On ajoute : «À partir de la date de début des travaux toute personne résidant sur place se trouvera en infraction. Les conséquences de cette infraction se traduiront par des procédures d'éviction ainsi que des amandes [sic.] pour lesquelles les locataires fautifs pourraient être tenus responsables.»

Présence d’amiante 
Le 9 juillet, les Demianenko reçoivent par huissier une lettre d’un cabinet d’avocats embauché par le locateur les avisant cette fois de la présence d’amiante dans l’immeuble.

«Lors des vérifications ayant été entreprises par l’assureur de notre cliente, Desjardins Assurance, les évaluateurs ont effectué des ouvertures aléatoires et exploratoires dans les plafonds et les murs, le tout afin de constater l'ampleur des dommages, indique le document. Or, lors de ces constatations, l'assureur a découvert la présence d'amiante dans les composants des matériaux garnissant l'immeuble. Ainsi, des travaux de décontamination devront être effectués.»

Droit des locataires
Interpellé par cette situation, le Comité logement Rive-Sud a distribué aux locataires de l’immeuble un document les informant qu’ils peuvent demeurer dans leur logement, malgré la lettre par huissier. 

«Le propriétaire doit demander au Tribunal administratif du logement avant d'effectuer les travaux puisque ceux-ci ne sont pas urgents, indique-t-on. Vous avez le droit de retourner dans votre logement à la fin des travaux.
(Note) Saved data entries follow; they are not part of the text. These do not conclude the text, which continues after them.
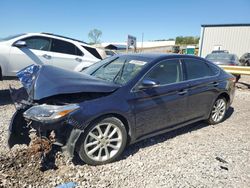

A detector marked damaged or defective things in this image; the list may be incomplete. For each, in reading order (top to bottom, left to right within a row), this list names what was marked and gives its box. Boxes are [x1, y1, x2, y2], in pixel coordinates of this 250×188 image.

dented hood [16, 64, 120, 100]
broken headlight [23, 103, 79, 122]
damaged front end of car [7, 64, 119, 164]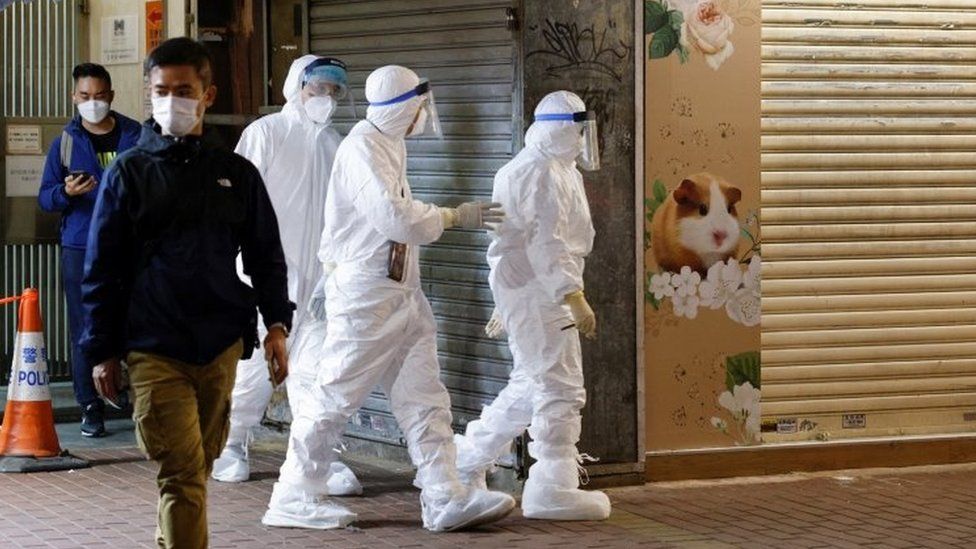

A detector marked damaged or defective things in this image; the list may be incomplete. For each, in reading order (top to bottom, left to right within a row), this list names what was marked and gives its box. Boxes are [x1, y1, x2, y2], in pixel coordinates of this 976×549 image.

rusty shutter door [764, 0, 976, 436]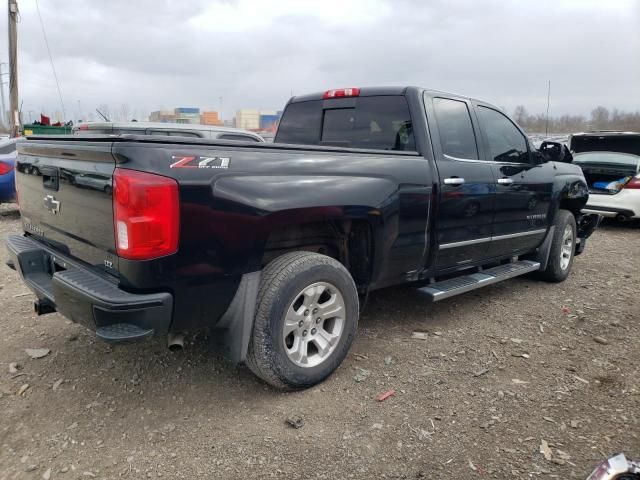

Votre propriétaire devra vous avertir lorsque les travaux seront terminés.»

Des travaux ont déjà été entamés sur l’immeuble incendié. (Photo: Le Courrier du Sud ‒ Sylvain Daignault)

«Proportions hors contexte»
Dans une réponse envoyée au Courrier du Sud, André Langevin, du cabinet d’expertise en règlement de sinistres Lead, indique que cette affaire prend «des proportions hors contexte quand on considère que l'éviction du bâtiment est nécessaire et directement en lien avec la protection et la prévention de la santé des occupants.»

M. Langevin revient aussi sur la présence d'amiante et sur le fait qu'une sortie de secours doit être condamnée pendant les travaux de démolition et de reconstruction, ce qui est «impossible à faire avec la présence des locataires».

L’expert en sinistre affirme que tous les locataires ont quitté les lieux, «sauf peut-être deux ou trois», principalement parce qu’ils n’avaient pas d’assurance, mais qu’ils «quitteront quand même sous peu».

«L'avocate au dossier a clairement expliqué à tous les locataires les motifs raisonnables et sensés de cette éviction», ajoute-t-il.

Selon lui, en raison des devis de réparations qui doivent être complétés et présentés aux architectes, la soumission à l’assureur pour approbation des travaux et la demande de permis à la Ville de Brossard, les travaux prendront plusieurs mois.

Aucune date d’audience n’a encore été prévue dans ce dossier, indique Denis Miron, du Service des communications du Tribunal administratif du logement.